### [TRY IT]
The listing below holds pictures; exclude them. Return exactly the lines from the one with "Ulei Esențial de" through the one with "红牛车队碾压迈凯伦，皮亚斯特里惊艳四座".

### [RECORDED INFORMATION]
........
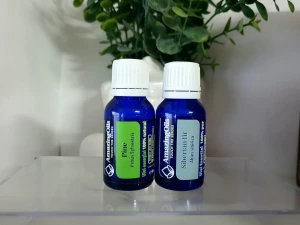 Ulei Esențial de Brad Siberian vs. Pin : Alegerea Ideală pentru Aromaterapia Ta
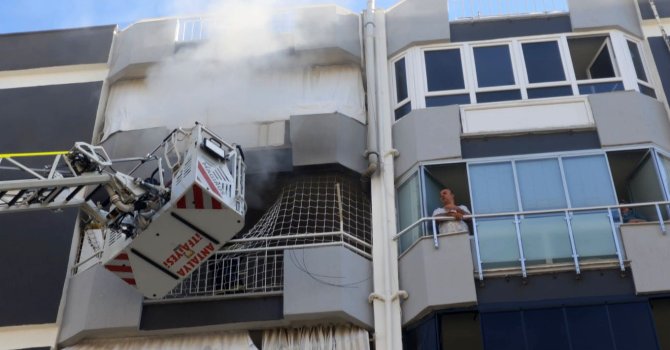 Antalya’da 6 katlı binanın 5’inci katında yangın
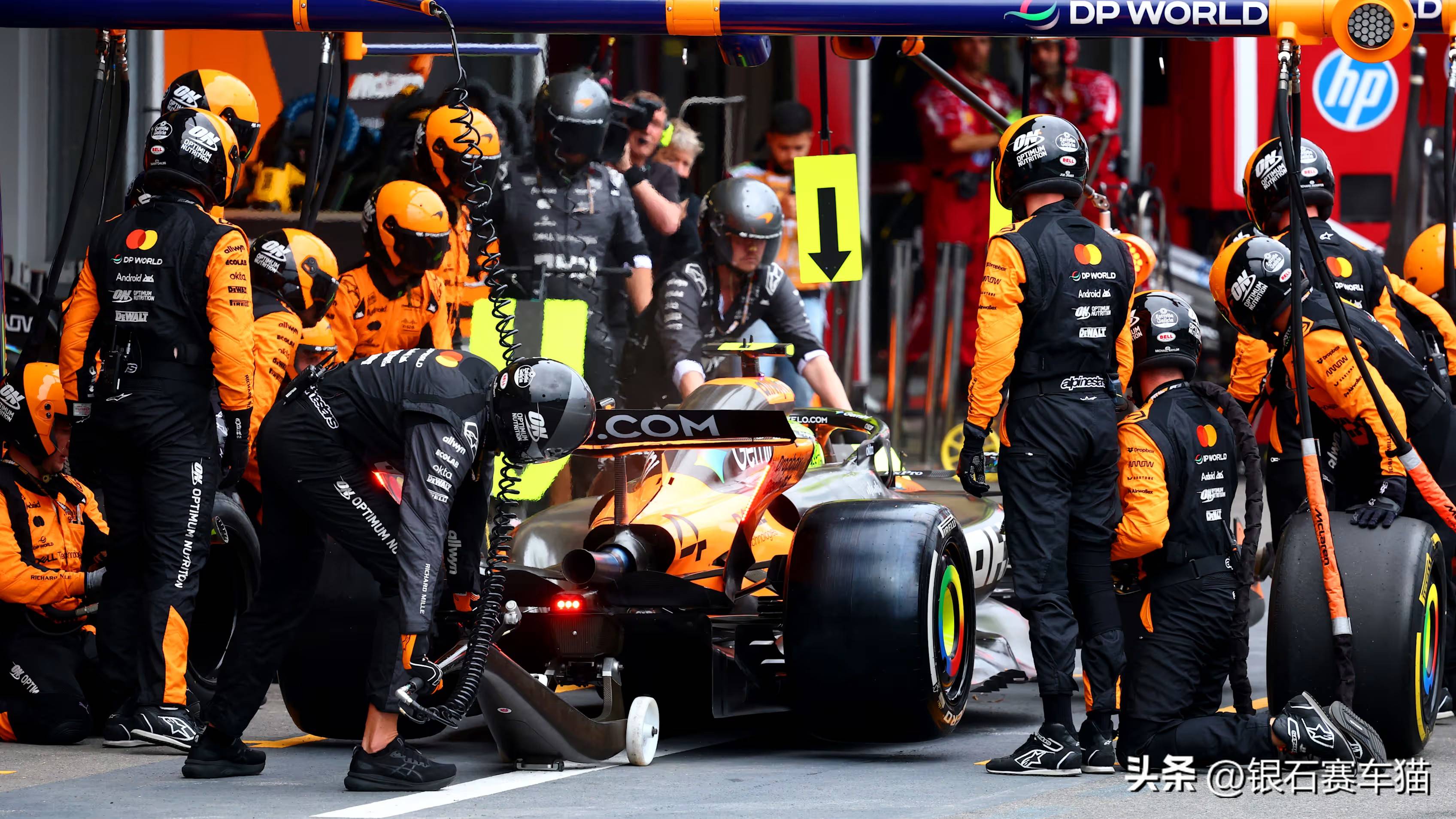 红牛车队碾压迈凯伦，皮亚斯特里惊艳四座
........
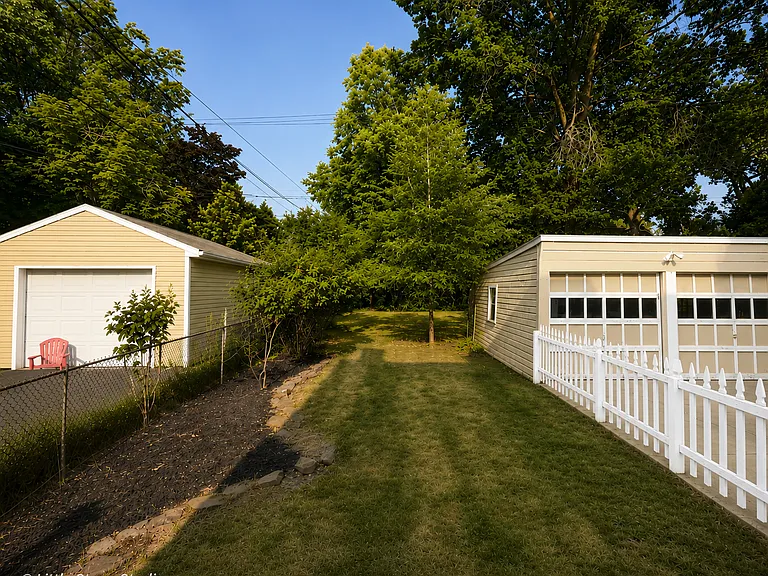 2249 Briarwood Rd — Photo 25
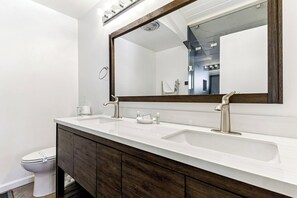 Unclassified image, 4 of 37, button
........
### [TASK RESULT]
 Ulei Esențial de Brad Siberian vs. Pin : Alegerea Ideală pentru Aromaterapia Ta
 Antalya’da 6 katlı binanın 5’inci katında yangın
 红牛车队碾压迈凯伦，皮亚斯特里惊艳四座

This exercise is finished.